As exhilarating as it was to celebrate, I found the process of planning and anticipating these events to be a little daunting! For those of you who are looking forward to, or are in the midst of, planning your debut launch, I share some lessons learned.
- Leaned on my debut group. My group, Epic 18 (epiceighteen.weebly.com), was an invaluable source of crowd-sourced ideas and advice from others who were in the same boat. We shared swag vendor recs, menu choices, craft activities, and fretted over whether to splurge on custom cookies (I did). Most importantly, we cheered each other on.
- Opted for a smaller scale party. At first I envisioned doing something at a local restaurant whose funky atrium would’ve made a memorable book signing area. But the logistics of this were quickly overwhelming and required a level of time, attention, and budget I did not have. So I approached a local indie bookstore that was planning to open shortly before my book launch. They enthusiastically agreed to host a launch event. The cross-promotion was wonderful, and because I wasn’t doing a food event, there were actually very few things to plan. Plus, what better décor than copious amounts of books?
- Found a perfect pen. I signed an early copy of my book to a friend and realized with horror that the Sharpie I was using bled through the page. I swapped that copy for a fresh one (signed in trusted ballpoint pen) and used the Sharpied copy to test out a bunch of pens at my local stationery store. (Pen of choice was Le Pen.) Tip: buy multiple!
- Hired a photographer. The photographer was actually a gift from a dear friend who couldn’t make it to the event. And truth be told, I don’t know that I would’ve spent the money on hiring one. But the pictures she took were incredible and I’ve been able to use many of them for book promotion, social media posts and headshot requests. She also came early to take some group family photos, which I’m so grateful to have. If you have any photographer connections, it’s worth considering.
- Remembered to breathe.
- Written down my prepared thoughts. My nerves took over when it came time to greet my captive audience. I’m quite sure I forgot to thank someone important … (though I’m also sure no one but me cared).
- Had extra copies of my book in my trunk. Unbelievably, the bookstore sold all its copies of Iver & Ellsworth. My friend and fellow picture book author Josh Funk wisely told me that I should always have a stash of extra copies in my car. You never know when you’ll need them and emergency book sales are good!

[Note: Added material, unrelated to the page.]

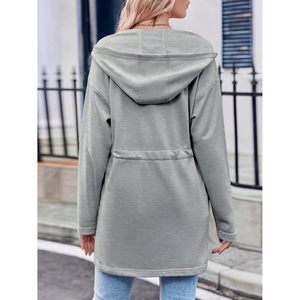 Sweat-shirt à capuche zippé pour femme, coupe oversize, manches longues, taille à cordon de serrage, fente latérale, tunique asymétrique en maille respirante - Product Image 4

- Booked more downtime afterward. All that adrenaline, excitement, anticipation, talking, smiling, signing, and celebrating was exhausting! The day after the launch I was useless. Do me a favor and set aside more than 20 minutes for a nap.
Don’t forget your book, your story, your day will also be special and significant to others who get to be a part of it. Whatever the format, whatever the size, mark this moment in time and celebrate together. HAVE FUN. You only get one debut!